Schnider and associates13 have previously observed that provoked confabulation has been associated with dorsolateral prefrontal as well as medial temporal (hippocampal) lesions. However, provoked confabulation has also been observed in neurologically healthy persons.12 Schnider28 therefore concluded that provoked confabulations have no anatomic specificity.

In contrast, a recent neuroimaging study by Turner and coworkers42 provided striking evidence that the critical deficit for provoked confabulation has its anatomical location in the inferior medial frontal lobe. Curiously, whereas Turner’s group examined only provoked confabulations, the lesions observed are consistent with those that are associated with spontaneous confabulations as described above. This suggests there may be substantial overlap in the neuroanatomical loci mediating these 2 types of confabulation.

CONFABULATION IN PSYCHIATRIC SETTINGS
Wernicke-Korsakoff syndrome

As noted, Korsakoff was the first clinician to describe confabulation formally; he observed the syndrome predominantly in chronic alcoholics but also in patients with other conditions.1 Today, Korsakoff syndrome is generally defined as the chronic amnesic syndrome that frequently follows acute Wernicke encephalopathy. The latter comprises the classic triad of confusion, ataxia, and ophthalmoplegia.43,44 So-called Wernicke-Korsakoff syndrome is believed to result primarily from thiamine(Drug information on thiamine) deficiency and can be seen in a myriad of medical conditions besides chronic alcoholism, including malnutrition, protracted vomiting, carbohydrate loading, chronic renal failure, and other chronic disease states.43,44

Patients with Korsakoff syndrome tend to confabulate most within the episodic/autobiographical memory domain.15 Although both spontaneous and provoked confabulations have been described in patients with Korsakoff syndrome, provoked confabulations are more common.14,15 Curiously, however, most neuroanatomical correlations have been established for the spontaneous confabulations less commonly seen in Korsakoff syndrome. Anatomical areas of the brain affected in patients with Korsakoff syndrome typically involve diencephalic regions such as the mammillary bodies and the region enclosed by the anterior and mediodorsal thalamic nuclei. Lesions in the medial thalamic nuclei are believed to give rise to spontaneous confabulations in patients with Korsakoff syndrome. These nuclei contain projections to and from the posterior orbitofrontal cortex.14,15

Alzheimer disease

In addition to the well-known memory problems seen in patients with AD, so-called intrusions are also frequently observed in these individuals. Intrusions are defined as unintentional productions of inappropriate responses in a memory task, and they have similarities to provoked confabulations.24,45,46 A recent study suggests that intrusions in patients with AD may be the result of interference of strongly represented, over-learned material in episodic memory.46 For example, if patients with AD are told to remember a deliberately altered version of a well-known fairy tale—such as “Goldilocks and the Four Bears”—they will often recount the story in their habitual, over-learned mode as “Goldilocks and the Three Bears.” Some neuropsychologists consider such intrusions as essentially provoked confabulations.

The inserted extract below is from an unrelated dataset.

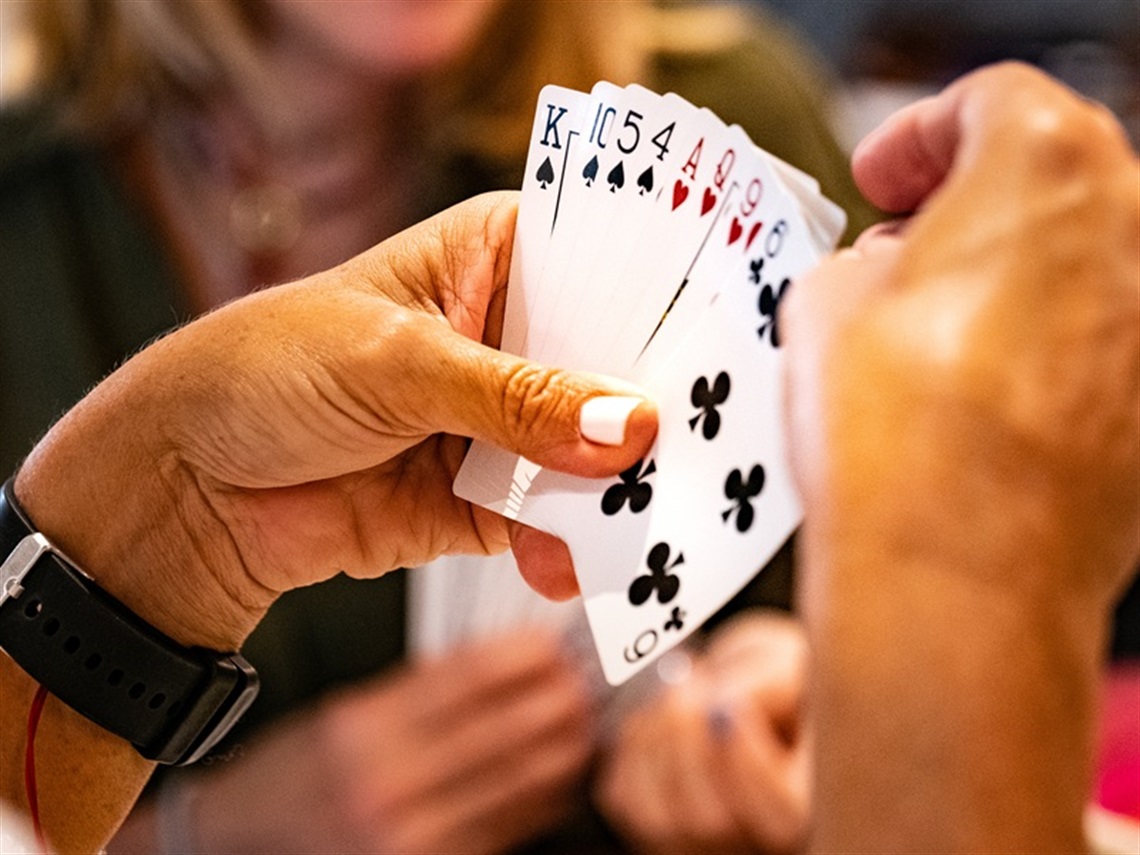Person playing Bridge holding cards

More recently—and perhaps more relevantly for psychiatrists—confabulation in AD has been associated with psychotic features and aggressive behavior. Lee and associates17 studied 32 AD patients and 10 healthy controls and found that those with AD confabulated in response to all types of questions tested, including personal episodic memory, orientation to time, and future planning. However, those patients who also demonstrated delusional and/or aggressive behavior showed significantly more provoked confabulations than nondelusional and nonaggressive AD patients.17 Whether these results demonstrate that provoked confabulations in AD patients differ from those seen in other conditions, or whether delusions and aggression simply aggravate mechanisms that underlie all provoked confabulations requires further investigation.